こんなに笑っている骸は俺は見たことがない。
「骸っ!」
あまりの恥ずかしさに思わず怒鳴ると骸は涙目になりながら、
「すみません。あまりにもすごいっ……くっ」
とバズーカを受け取ったものの、笑うのをなかなかやめてくれなかった。

腹筋が痛くなるほど笑い転げてもう気がすんだのか、すっきりした顔で、
「ではいってまいりますか」
と仕事モードに入った。
切り替えが早いのは骸の良いところであり、時には腹がたつところである。

「悪いね、骸。
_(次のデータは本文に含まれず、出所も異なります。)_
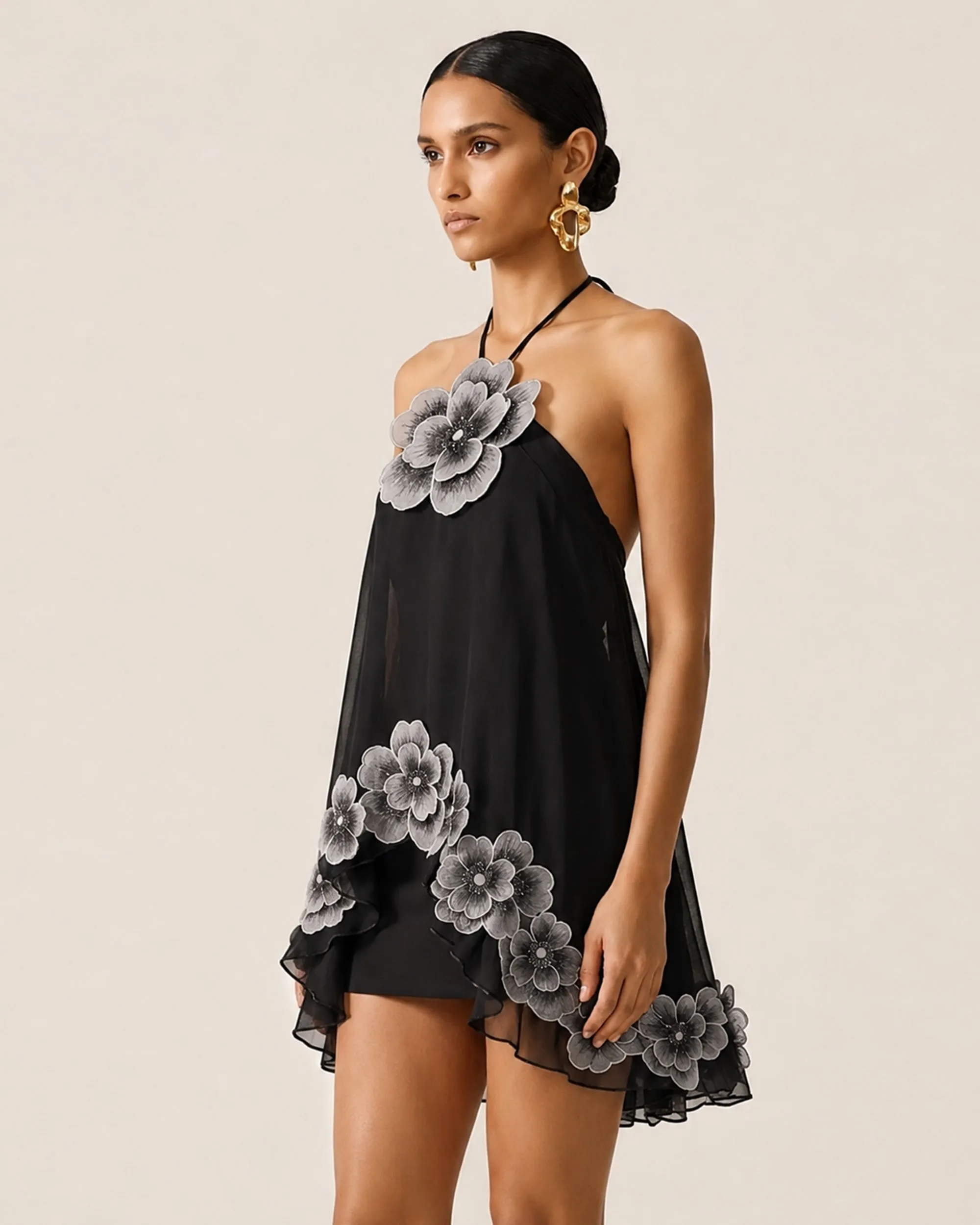 Floral Embroidered High-Low Halter Top - Black sold by JW PEI product image thumbnail 2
ありがとう」
「まあ会えるかどうかわからないのでお礼は今言わない方が良いと思います」
「ううん。行ってくれるだけで本当に感謝してる。」
「そうですか」
では、と骸はバズーカを自分に向けた。
「行かなくても誰だかわかるんですけどね。本当は」
「え?」
バズーカを放つ直前、何か言われたような気がしたが、爆音に包まれてかき消されてしまった。

骸は10分経ったら戻ってきた。どうやらこれも従来の10年バズーカを改良してパワーアップした性能のようだ。
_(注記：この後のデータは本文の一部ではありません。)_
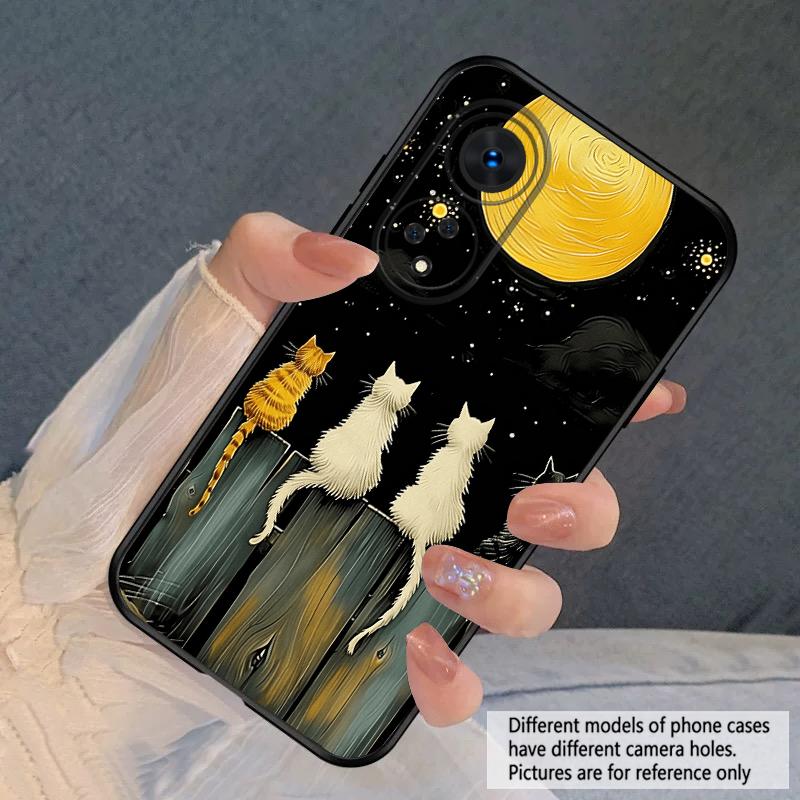 Background Cat For Oppo A98 54s 17 A96 40 60 80 58 79 74 Reno 10 4Z 5G 5 Lite Find X 2 3 8 Pro 13 12 silicone soft phone case
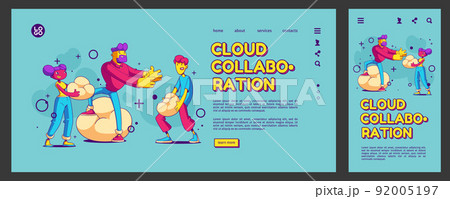 Cloud collaboration, teamwork landing page, banner 92005197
10年前の骸は相変わらずで、簡単に話せるところだけ話すと
「そうですか」
とだけ言って部屋を物色したり、俺に絡んできた。
余りにも性格が変わらないので俺は本当に10年前の骸なのか疑心暗鬼だった。
この10年で変わったのはどうやら見かけだけらしい。
適当に彼をあしらっていると、ぼすんと音をたてて戻ってきた。
「おかえり、骸」
物凄く真剣な顔をしていた。
「骸……?」
どうだったと聞く雰囲気ではない。
そして聞くか聞くまいか悩んでいると骸が先手をうってきた。
「沢田綱吉。マフィアの資料はどこです」
すごく恐い。何があったのだろう。10年前で。
「えっと、ここにあるよ」
机の上に山積みになっている中から何とか探しだして引っ張り、骸に手渡す。
「少し借りますね」
「いい、けど」
骸は怒っていた。何に対してかはわからないけど、確かにあの顔は怒っていた。
だから、俺は訳もわからずただ突っ立っていただけで、10年前のことを聞きそびれてしまったのだ。